Hernieuwbare energie maakt Europa minder afhankelijk van fossiele brandstoffen uit Rusland en het Midden-Oosten. Zon en wind vind je overal, en nog gratis ook. Maar voor zonnepanelen, windturbines en elektrische auto’s zijn grondstoffen nodig die grotendeels buiten de EU worden gewonnen en verwerkt. China beheerst 80 tot 90 procent van de markt voor zeldzame aardmetalen, zoals neodymium of terbium, die nodig zijn voor windturbines, zegt onderzoeker Irina Patrahau van The Hague Centre of Strategic Studies. Ook kobalt en lithium voor accu’s worden grotendeels in China verwerkt.
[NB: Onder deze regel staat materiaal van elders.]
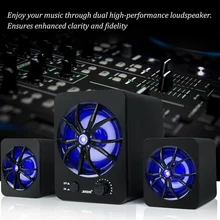 Speaker Set Colorful LED USB Wired Desktop Home Computer Subwoofer Stereo Music Multifunctional Plastic Player Laptop Bass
China plukt de vruchten van een vooruitziende blik. ‘In de jaren negentig zei de Chinese leider Deng Xiaoping: het Midden-Oosten heeft olie, maar wij hebben zeldzame aardmetalen. China heeft enorm veel geïnvesteerd in deze sector, en ook in andere grondstoffen’, zegt Patrahau. Met staatssubsidies vaagden Chinese bedrijven hun concurrenten uit Europa en de Verenigde Staten weg.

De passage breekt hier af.